● **Exercise prompt**
Retype the listing exactly; omit pictures.

● **Collected data**
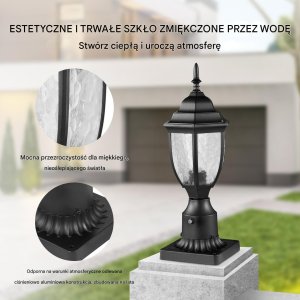 Vevor Lampa Ogrodowa Zewnętrzna Słupkowa z Czujnikiem Światła 390 mm 2 Sztuki 12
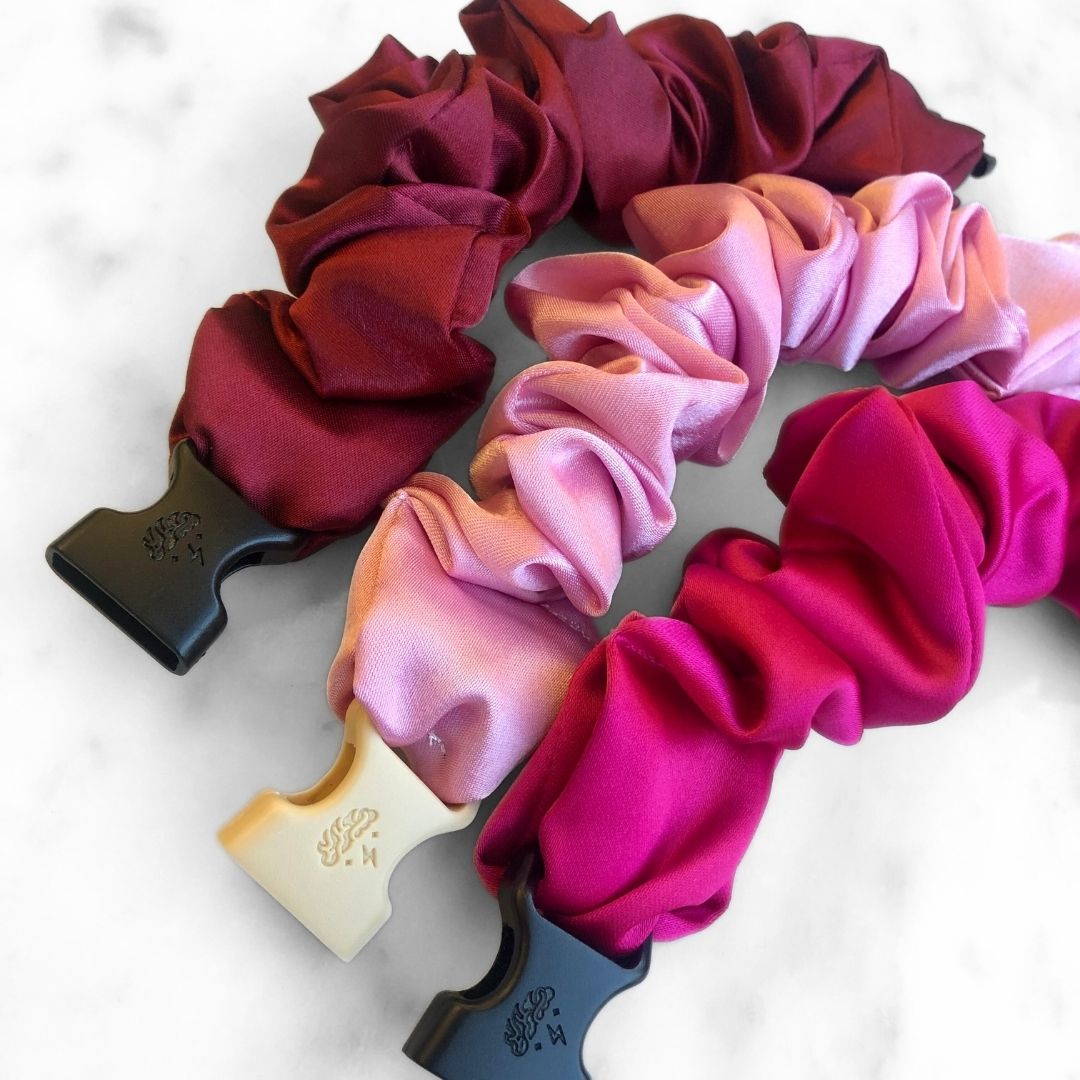 Best hair tie elastics and scrunchie hair accessories for snag-free, pull-free, rip-free, hair. Smooth, effortless hair ties and hair scrunchies for athletes, active moms, fitness, & sports. Valentine's Day Gift Set Bundle - 3-Pack Buckle Scrunchies - No Snagging, No Tangles
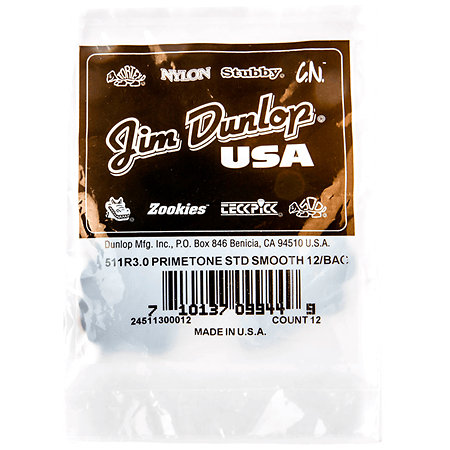 511R300 Primetone Standard Smooth 3,00 mm Sachet de 12 Dunlop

● **Solved problem**
 Vevor Lampa Ogrodowa Zewnętrzna Słupkowa z Czujnikiem Światła 390 mm 2 Sztuki 12
 Best hair tie elastics and scrunchie hair accessories for snag-free, pull-free, rip-free, hair. Smooth, effortless hair ties and hair scrunchies for athletes, active moms, fitness, & sports. Valentine's Day Gift Set Bundle - 3-Pack Buckle Scrunchies - No Snagging, No Tangles
 511R300 Primetone Standard Smooth 3,00 mm Sachet de 12 Dunlop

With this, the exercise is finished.